Meh

Things went rather awry last night. I was suddenly exhausted and went for an early bath. The phone rang and I hurried out of the bath to answer it. I missed it. Dialing back, it was the RNIB, no doubt wanting to sell me raffle tickets. I put the phone back down. I give them money every month anyway, I don’t mind buying a few raffle tickets but even 8.30 in the evening is a bit late for a charity call.

I went to bed and slept, briefly, then was awake when Indigo phoned. Lovely, kind Indigo Roth, one of my dearest blog friends. He’s visiting tomorrow, kind as he is. He took the photos for the catalogue for me and they were all perfect. I slept and woke fitfully all night, with a headache that lingered all day. I think it’s the cumulative effect of not having enough sleep and far too much stress and grief for weeks on end. I’ve napped again today several times and the headache is still here, though I’ve had two doses of paracetamol, something I rarely touch. I hope I’ll be over it by tomorrow, I have too much to do and need to be able to concentrate. It’s not that I want to, but I must. Lots of paperwork, plus personal letters and emails that I have to reply to. Overwhelming.

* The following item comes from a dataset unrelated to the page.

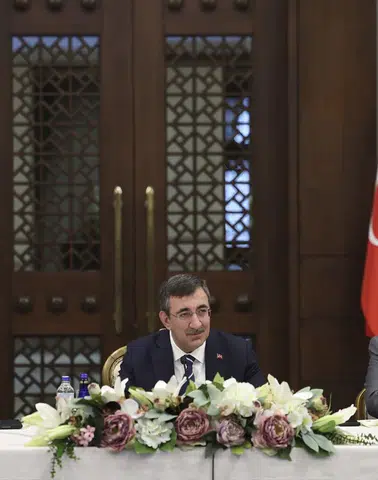 Türkiye’nin yeni ekonomi rotası: Yatırımcıya VIP dönem ve vergi reformu paketi!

I must find something good to say. Um. The sun shone, it was a lovely day. I made a brown sourdough loaf and it’s good, I won’t go back to the white ones regularly as I like the multi-grain seeded loaves. Using yeast is quicker but this one tastes lovely. I added the seeds earlier, as I was putting in the last of the water, so that they mixed fully. I’m cautiously putting in more white flour than usual, but I’ll up the amount of wholewheat and rye flours until I get the right balance.